DO YOUR JOB!
NYPD shelves Pantaleo after judge urges that ‘reckless’ officer be axed
Choke cop suspended; fate in O’Neill’s hands
NYPD judge sez fire ‘reckless’ Pantaleo
The family of NYPD chokehold victim Eric Garner still can’t breathe easy.
The mother and daughter of the Staten Island man whose death sparked outrage across the city and around the country demanded the firing of Officer Daniel Pantaleo after a departmental judge called Friday for his dismissal — an explosive ruling that brings the polarizing fiveyear legal drama closer to its conclusion.
“I think I’m feeling the same way our entire family is feeling, which is it’s been too long,” said the dead man’s emotional daughter, Emerald Snipes-Garner, after the NYPD suspended Pantaleo following the judge’s decision. “Commissioner O’Neill, do your job. We’ve been waiting for five years, and we don’t want to wait no more.”
Garner’s mother Gwen Carr acknowledged that the ruling by NYPD Deputy Commissioner of Trials Rosemary Maldonado provided some long-needed relief for the family, and urged the NYPD and the city to quickly terminate the 13-year veteran. Pantaleo has remained on duty and on the NYPD payroll since July 17, 2014, despite repeated calls for his firing.
“New Yorkers deserve to know that police who kill our children and those who try to cover it up will be fired by the NYPD, so they don’t get paid with our taxpayer dollars to (pose) a danger to us,” said Carr. “He should be fired without a pension, benefits or a ‘good guy’ letter.”
Final word on the termination rests in the hands of Police Commissioner James O’Neill, who remained silent amid the Friday tumult. NYPD insiders expect O’Neill to fire Pantaleo, assigned to a desk job minus his gun and shield since Garner’s death.
Garner’s dying declaration of “I can’t breathe,” repeated 11 times, galvanized the Black Lives Matter movement. The death was captured on smartphone video that was first uncovered by the Daily News before going viral.
An infuriated Police Benevolent Association head Patrick Lynch went ballistic over the decision, charging the city’s 36,000 officers no longer have the support of City Hall.
“Today is one of the saddest and most damaging days in the history of New York City and the New York City Police Department,” Lynch declared at the union’s lower Manhattan headquarters. “The decision that went down today, saying that police officer was reckless, is ludicrous.”
Mayor de Blasio, at a City Hall news conference interrupted by activists shouting for Pantaleo’s firing, expressed his hope the Garner family might finally experience closure from a wound left open by the legal system’s inability to bring any criminal charges.

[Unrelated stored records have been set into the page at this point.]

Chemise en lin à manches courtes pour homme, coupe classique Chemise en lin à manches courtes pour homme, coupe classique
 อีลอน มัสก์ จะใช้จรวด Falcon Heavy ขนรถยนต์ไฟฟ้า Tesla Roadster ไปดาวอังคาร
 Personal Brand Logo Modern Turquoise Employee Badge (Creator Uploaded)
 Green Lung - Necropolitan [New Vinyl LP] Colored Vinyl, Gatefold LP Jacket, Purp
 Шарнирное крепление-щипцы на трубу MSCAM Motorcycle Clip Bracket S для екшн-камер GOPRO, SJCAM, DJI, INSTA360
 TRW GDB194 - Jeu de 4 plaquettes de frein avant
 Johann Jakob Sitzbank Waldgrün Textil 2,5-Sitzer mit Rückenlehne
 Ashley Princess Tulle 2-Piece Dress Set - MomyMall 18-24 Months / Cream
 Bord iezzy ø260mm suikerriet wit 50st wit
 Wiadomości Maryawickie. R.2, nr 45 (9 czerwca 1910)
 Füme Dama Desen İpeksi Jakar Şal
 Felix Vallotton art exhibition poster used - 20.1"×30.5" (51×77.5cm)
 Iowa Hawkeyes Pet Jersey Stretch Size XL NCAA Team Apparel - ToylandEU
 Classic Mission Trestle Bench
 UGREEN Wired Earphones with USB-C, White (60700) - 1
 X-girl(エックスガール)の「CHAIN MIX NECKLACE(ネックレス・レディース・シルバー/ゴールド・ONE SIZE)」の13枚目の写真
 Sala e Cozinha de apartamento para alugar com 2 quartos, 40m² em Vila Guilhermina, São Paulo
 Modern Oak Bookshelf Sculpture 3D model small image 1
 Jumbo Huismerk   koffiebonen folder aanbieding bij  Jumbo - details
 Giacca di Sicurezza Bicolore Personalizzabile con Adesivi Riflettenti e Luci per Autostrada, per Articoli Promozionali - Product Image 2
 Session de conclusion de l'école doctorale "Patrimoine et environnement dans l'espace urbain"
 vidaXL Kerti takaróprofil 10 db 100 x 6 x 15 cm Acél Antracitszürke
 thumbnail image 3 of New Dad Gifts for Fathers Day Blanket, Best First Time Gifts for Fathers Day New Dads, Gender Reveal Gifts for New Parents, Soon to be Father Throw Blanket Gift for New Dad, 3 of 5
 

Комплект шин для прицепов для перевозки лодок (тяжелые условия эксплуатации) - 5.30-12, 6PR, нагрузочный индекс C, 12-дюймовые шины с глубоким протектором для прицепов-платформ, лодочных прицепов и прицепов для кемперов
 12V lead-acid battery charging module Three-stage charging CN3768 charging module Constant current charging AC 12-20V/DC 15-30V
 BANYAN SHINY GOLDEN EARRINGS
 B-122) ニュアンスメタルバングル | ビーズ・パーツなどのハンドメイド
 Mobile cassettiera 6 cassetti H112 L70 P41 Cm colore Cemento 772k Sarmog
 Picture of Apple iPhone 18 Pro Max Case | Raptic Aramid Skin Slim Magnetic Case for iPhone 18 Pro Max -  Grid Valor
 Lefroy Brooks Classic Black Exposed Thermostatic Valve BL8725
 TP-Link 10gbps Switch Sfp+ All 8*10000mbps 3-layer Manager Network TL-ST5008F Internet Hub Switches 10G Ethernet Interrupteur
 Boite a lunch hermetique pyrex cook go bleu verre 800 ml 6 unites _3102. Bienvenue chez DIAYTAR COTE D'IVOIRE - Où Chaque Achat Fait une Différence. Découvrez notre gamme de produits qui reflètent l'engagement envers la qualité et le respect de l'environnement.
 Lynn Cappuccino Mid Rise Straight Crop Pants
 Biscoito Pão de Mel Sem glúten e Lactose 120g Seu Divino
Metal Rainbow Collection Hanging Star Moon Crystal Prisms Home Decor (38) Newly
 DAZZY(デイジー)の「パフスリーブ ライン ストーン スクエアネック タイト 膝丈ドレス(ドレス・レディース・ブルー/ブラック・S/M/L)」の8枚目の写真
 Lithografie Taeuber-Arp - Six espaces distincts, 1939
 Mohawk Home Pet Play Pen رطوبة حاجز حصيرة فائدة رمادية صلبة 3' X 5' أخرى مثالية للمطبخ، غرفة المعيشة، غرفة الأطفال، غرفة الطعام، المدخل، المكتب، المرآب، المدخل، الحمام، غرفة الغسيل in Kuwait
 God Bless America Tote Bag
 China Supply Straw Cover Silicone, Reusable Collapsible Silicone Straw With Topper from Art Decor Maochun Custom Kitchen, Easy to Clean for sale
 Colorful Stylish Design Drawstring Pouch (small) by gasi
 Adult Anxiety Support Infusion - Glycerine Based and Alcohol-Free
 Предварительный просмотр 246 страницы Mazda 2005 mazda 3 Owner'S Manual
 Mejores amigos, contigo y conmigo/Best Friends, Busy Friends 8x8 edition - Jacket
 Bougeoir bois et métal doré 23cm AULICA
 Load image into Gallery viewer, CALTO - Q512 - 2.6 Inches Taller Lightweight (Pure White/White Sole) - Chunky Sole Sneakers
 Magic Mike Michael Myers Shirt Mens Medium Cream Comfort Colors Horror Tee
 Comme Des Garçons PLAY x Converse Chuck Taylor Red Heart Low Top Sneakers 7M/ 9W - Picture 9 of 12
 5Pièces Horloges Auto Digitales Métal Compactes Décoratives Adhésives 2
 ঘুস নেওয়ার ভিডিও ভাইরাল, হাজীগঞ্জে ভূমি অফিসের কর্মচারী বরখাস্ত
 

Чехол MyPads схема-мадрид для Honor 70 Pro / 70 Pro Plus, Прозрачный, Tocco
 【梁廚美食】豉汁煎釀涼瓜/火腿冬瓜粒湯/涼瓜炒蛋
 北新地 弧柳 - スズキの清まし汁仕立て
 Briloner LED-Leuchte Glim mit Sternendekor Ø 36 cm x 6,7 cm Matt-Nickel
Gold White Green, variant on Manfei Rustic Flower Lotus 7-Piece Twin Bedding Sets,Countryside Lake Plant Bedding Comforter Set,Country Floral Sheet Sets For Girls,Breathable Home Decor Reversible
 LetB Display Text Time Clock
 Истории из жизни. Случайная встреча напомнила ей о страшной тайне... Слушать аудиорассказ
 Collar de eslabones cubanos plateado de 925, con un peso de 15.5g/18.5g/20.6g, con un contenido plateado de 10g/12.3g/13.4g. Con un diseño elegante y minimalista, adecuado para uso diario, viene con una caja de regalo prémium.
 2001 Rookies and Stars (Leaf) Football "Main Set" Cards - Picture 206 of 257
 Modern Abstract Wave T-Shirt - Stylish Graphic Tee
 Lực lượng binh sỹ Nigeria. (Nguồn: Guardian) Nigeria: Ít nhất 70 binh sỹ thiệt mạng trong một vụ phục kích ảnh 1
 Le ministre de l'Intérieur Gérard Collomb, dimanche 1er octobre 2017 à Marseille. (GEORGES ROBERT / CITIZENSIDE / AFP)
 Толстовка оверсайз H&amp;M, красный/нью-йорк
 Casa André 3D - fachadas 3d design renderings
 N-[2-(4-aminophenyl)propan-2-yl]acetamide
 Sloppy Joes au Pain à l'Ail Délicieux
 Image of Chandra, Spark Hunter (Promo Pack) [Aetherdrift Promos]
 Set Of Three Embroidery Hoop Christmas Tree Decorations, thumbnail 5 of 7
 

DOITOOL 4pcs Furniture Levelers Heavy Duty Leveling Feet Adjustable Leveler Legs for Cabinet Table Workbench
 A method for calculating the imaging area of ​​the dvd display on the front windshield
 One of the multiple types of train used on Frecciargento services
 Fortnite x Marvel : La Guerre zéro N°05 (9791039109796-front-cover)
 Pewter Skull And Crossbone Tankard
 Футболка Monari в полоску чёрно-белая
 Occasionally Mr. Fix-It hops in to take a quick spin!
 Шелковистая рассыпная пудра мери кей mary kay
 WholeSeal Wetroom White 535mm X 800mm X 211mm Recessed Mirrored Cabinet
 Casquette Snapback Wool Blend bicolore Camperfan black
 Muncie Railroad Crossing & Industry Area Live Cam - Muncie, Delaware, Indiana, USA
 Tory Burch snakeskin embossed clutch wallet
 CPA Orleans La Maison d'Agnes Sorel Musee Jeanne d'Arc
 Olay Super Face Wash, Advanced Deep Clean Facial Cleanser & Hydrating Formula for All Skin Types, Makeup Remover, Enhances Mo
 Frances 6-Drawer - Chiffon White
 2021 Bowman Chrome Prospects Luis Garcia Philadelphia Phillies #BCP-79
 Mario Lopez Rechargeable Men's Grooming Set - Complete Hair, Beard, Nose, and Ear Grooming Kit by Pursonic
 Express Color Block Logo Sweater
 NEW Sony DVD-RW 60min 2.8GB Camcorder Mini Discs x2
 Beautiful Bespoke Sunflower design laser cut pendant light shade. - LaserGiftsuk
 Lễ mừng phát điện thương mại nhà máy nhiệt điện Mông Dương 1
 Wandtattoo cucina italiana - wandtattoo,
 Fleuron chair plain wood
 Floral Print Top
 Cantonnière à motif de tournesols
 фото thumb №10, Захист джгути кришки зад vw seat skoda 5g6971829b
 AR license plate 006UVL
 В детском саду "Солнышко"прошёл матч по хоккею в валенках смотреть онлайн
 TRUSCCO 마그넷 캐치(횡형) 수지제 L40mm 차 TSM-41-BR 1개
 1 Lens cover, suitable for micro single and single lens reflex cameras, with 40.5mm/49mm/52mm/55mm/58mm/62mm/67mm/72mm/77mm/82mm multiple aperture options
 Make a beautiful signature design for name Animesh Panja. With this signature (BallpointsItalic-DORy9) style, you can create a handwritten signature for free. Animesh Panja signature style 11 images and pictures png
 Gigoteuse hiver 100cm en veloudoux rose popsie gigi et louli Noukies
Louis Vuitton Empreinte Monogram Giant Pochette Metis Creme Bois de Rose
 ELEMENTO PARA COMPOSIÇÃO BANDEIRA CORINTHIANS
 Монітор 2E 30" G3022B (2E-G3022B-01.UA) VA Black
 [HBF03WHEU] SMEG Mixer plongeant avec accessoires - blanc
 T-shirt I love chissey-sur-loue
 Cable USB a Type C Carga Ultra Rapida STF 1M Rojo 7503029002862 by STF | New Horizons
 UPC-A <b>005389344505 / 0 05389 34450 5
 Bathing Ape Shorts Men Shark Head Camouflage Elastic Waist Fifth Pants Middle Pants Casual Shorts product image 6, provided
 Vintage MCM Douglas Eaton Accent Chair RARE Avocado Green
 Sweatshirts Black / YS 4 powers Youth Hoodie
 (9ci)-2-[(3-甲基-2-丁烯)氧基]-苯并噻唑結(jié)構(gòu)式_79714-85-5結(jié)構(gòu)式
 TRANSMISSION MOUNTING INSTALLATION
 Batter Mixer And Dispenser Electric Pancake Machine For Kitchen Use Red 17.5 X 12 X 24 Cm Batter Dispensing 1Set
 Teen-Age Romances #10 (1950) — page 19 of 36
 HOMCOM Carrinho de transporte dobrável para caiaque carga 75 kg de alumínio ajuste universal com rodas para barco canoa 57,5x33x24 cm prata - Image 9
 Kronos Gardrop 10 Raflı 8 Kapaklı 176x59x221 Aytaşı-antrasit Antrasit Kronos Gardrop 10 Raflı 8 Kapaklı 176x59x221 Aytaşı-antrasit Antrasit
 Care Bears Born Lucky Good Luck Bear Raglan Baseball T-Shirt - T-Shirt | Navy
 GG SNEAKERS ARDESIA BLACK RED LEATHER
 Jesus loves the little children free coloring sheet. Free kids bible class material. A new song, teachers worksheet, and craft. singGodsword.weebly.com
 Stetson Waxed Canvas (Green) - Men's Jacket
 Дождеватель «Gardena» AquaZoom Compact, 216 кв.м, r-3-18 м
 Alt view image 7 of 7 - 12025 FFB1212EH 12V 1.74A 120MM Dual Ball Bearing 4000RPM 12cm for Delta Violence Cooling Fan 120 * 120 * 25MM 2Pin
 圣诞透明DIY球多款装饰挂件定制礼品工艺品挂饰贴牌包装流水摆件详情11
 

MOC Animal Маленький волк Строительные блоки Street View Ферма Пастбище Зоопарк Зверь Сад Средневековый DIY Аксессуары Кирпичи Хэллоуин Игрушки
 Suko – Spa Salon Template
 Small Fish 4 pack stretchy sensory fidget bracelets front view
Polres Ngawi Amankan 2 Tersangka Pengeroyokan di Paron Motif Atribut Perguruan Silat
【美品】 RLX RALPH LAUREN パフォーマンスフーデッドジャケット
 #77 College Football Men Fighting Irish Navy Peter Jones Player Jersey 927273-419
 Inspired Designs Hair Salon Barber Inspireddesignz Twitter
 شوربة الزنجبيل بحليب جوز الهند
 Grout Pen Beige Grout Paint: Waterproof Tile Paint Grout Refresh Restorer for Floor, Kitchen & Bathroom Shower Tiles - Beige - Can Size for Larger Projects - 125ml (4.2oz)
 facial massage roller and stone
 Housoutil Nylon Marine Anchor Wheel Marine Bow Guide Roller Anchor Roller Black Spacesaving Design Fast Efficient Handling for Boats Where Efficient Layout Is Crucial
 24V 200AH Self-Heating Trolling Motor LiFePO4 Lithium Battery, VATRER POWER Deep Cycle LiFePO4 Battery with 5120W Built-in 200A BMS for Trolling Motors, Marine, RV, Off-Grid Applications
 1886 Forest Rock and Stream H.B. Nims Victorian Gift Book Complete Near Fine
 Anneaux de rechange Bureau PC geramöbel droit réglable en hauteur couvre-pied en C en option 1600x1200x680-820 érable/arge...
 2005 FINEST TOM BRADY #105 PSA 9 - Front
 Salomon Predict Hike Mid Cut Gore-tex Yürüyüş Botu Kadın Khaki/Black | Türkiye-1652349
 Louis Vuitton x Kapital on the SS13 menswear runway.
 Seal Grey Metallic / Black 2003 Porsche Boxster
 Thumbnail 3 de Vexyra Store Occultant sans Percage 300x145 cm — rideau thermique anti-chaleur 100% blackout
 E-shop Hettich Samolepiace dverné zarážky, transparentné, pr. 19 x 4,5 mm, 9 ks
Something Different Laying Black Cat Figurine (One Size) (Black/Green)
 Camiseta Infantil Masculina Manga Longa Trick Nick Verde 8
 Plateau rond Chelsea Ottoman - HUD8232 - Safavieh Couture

“They were told over and over and over again that the government would do its job,” the mayor said. “And they waited and waited and waited and nothing happened. And as all this stretched on, there was the suspicion felt by millions that justice doesn’t exist for people who look like Eric Garner.”
As the mayor spoke, the protesters burst into the Blue
Room yelling “Fire Pantaleo! Fire Pantaleo!”
The Staten Island cop and the Civilian Complaint Review Board each have 10 business days to review the judge’s recommendation and respond before the file goes to O’Neill for final disposition. The CCRB quickly urged the commissioner to “uphold this verdict and dismiss Pantaleo.”
Pantaleo was cleared in 2014 by a Staten Island grand jury in Garner’s death on Bay St., and federal prosecutors opted last month to pass on civil rights charges against the cop. Both decisions infuriated the dead man’s family, and were greeted with anger and widespread demonstrations.
In her recommendation, Maldonado found Pantaleo guilty of one of the two charges against him — recklessly using a chokehold banned by the NYPD. She cleared him of the second charge, intentionally restricting Garner’s breathing. Pantaleo testified before the grand jury that he used a department-approved seatbelt takedown maneuver on Garner.
The Rev. Al Sharpton, a supporter of the Garner clan since day one, said the fight is far from over.
“Make no mistake about it, this is not justice for the Garner family,” said Sharpton. “The commissioner needs to immediately, unequivocally accept the recommendation of the judge and remove him right away. The city should not have in its employ someone that would choke someone to death in violation of police guidelines.
“Someone that hears someone say 11 times ‘I can’t breathe.’ ”
Pantaleo’s lawyer, Stu London, argued at the department trial that Garner’s poor health played a role in the death. Garner weighed 390 pounds and suffered from diabetes, hypertension and cardiovascular problems. But the city medical examiner’s office said it was a chokehold that set in motion a “lethal cascade” of events that ended in a fatal asthma attack.
Pantaleo stands to lose his pension if he’s fired, keeping only the money he contributed to the fund. If he decides to resign before O’Neill’s decision, he forfeits the right to sue to get his job back.